- [Task to carry out] Verbatim copy, pictures excluded: every line from the one with "YIANNA Tummy Control" through the final line of the data below, and no other line.

- [The data]
::::

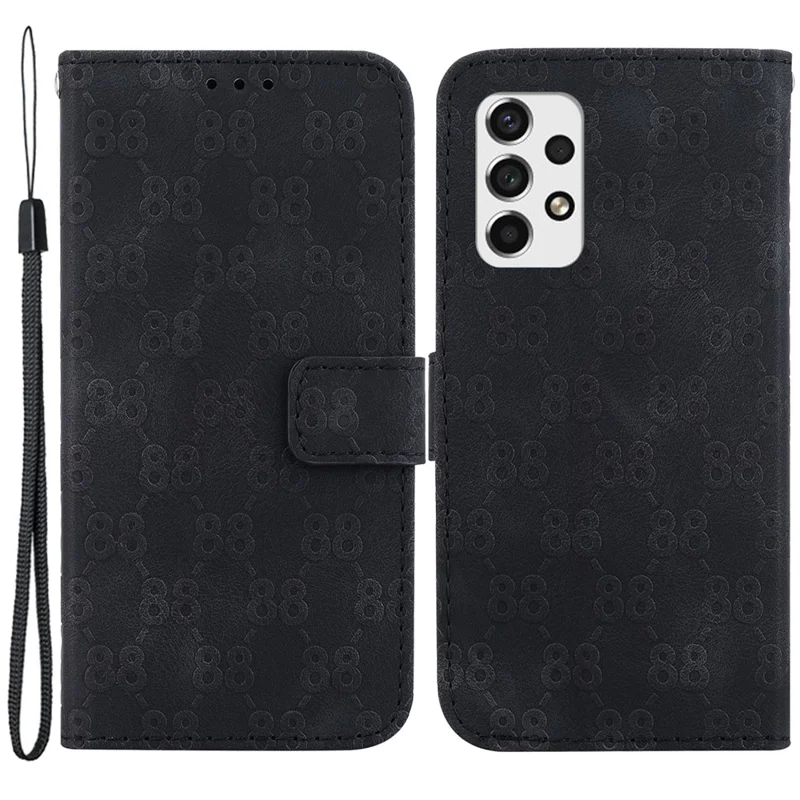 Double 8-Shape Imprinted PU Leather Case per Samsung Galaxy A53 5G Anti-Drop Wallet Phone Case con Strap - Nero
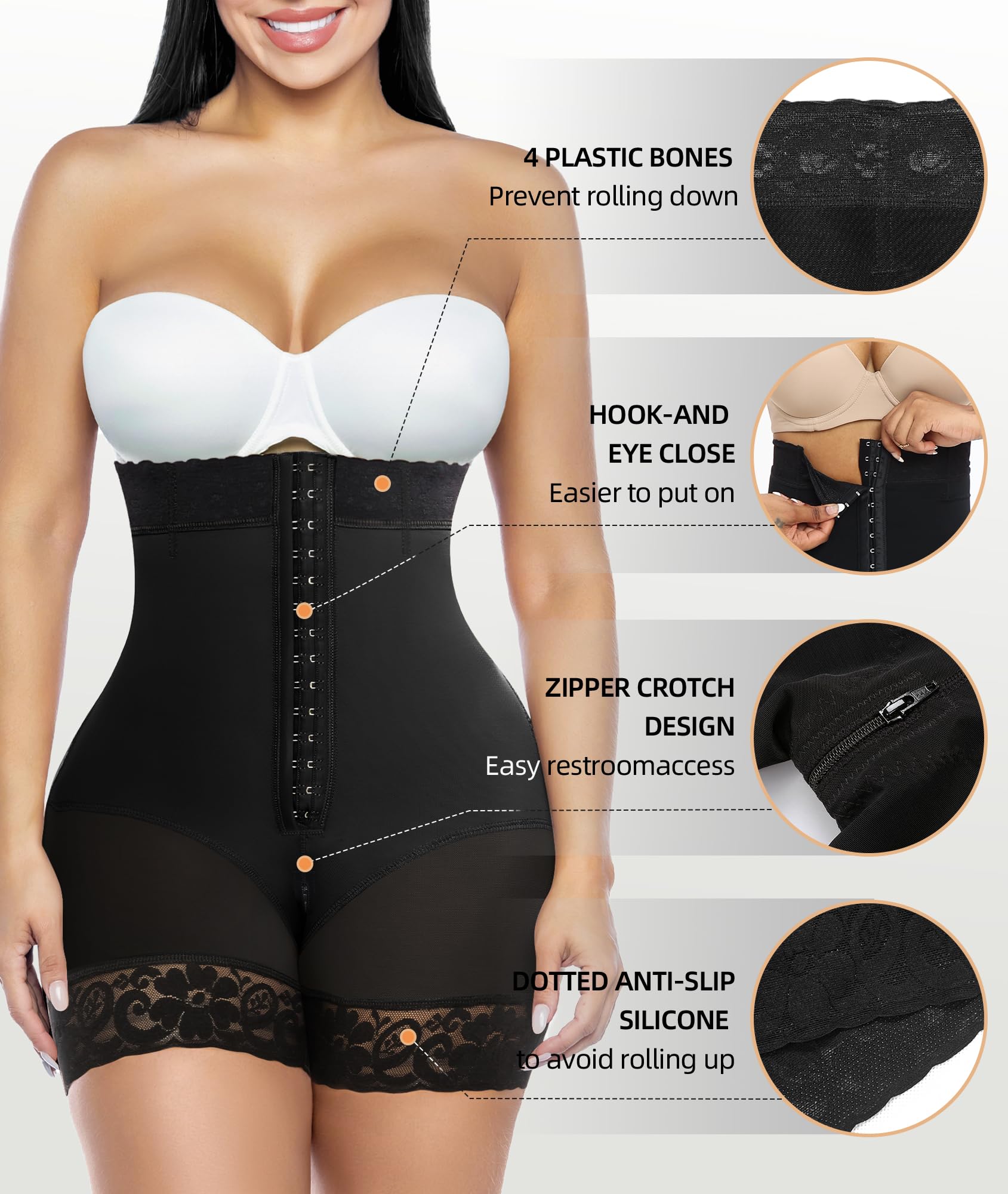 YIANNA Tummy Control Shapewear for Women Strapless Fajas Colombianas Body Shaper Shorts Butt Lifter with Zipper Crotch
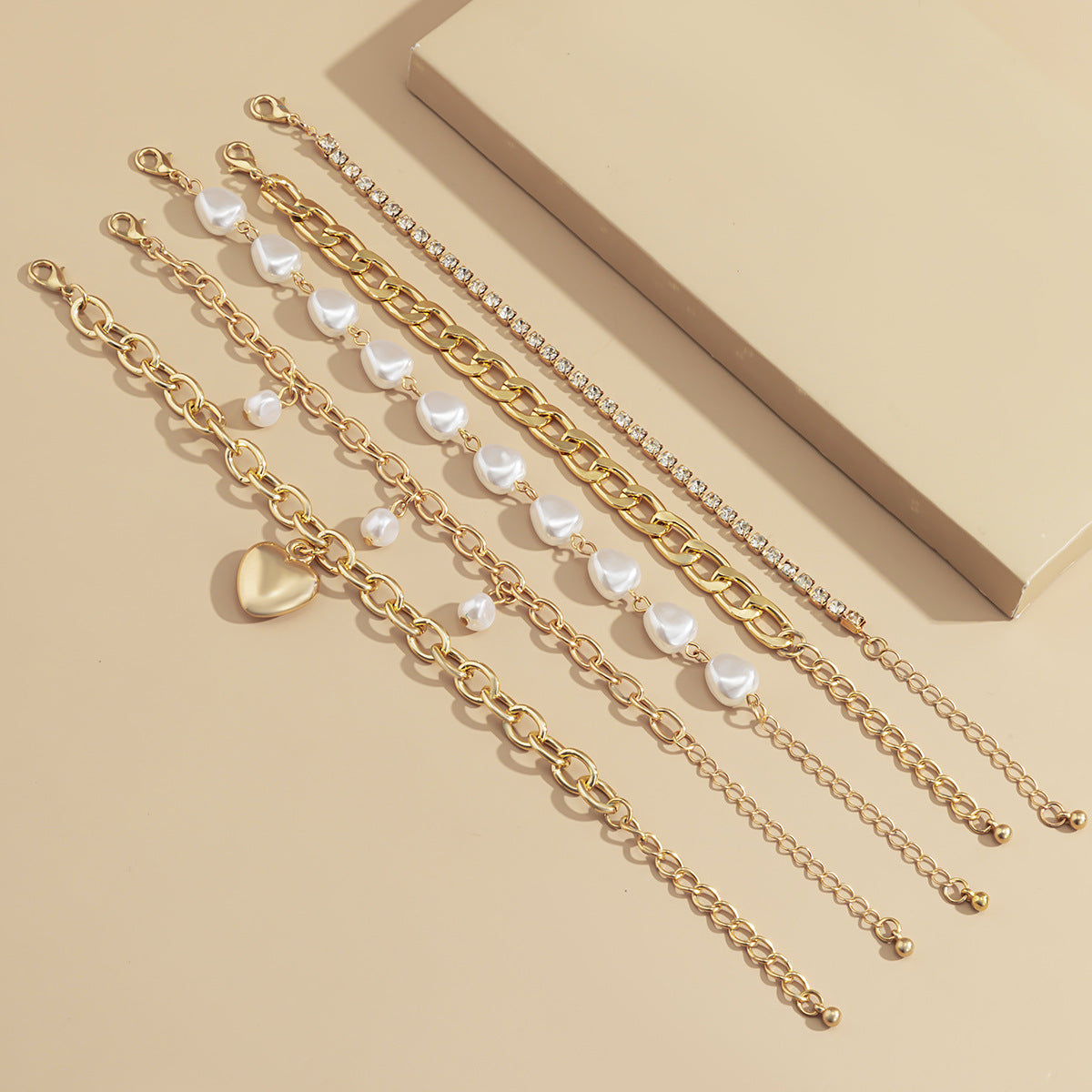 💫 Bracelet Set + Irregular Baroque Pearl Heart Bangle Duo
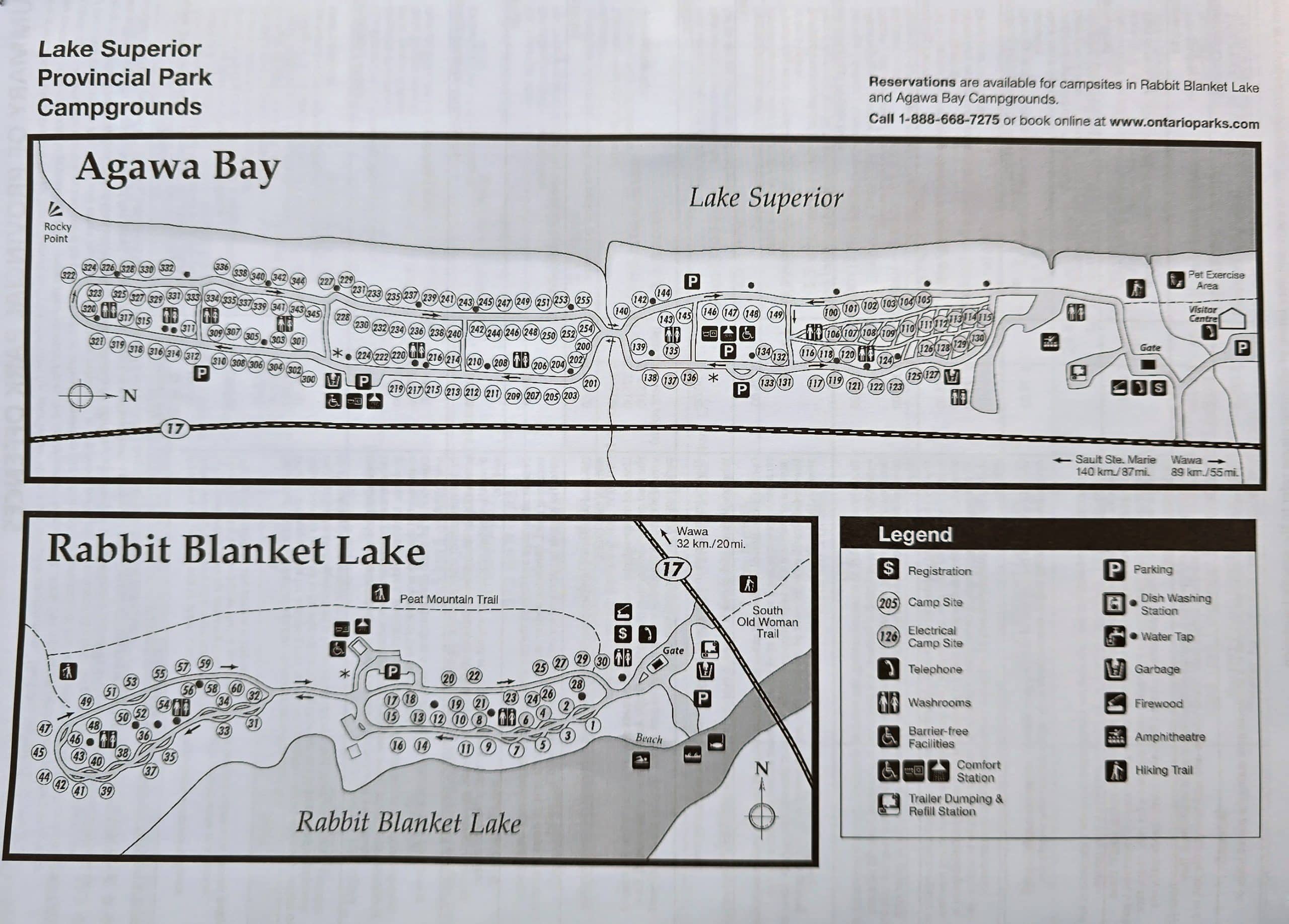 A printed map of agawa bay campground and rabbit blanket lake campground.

::::

- [Problem solution]
 YIANNA Tummy Control Shapewear for Women Strapless Fajas Colombianas Body Shaper Shorts Butt Lifter with Zipper Crotch
 💫 Bracelet Set + Irregular Baroque Pearl Heart Bangle Duo
 A printed map of agawa bay campground and rabbit blanket lake campground.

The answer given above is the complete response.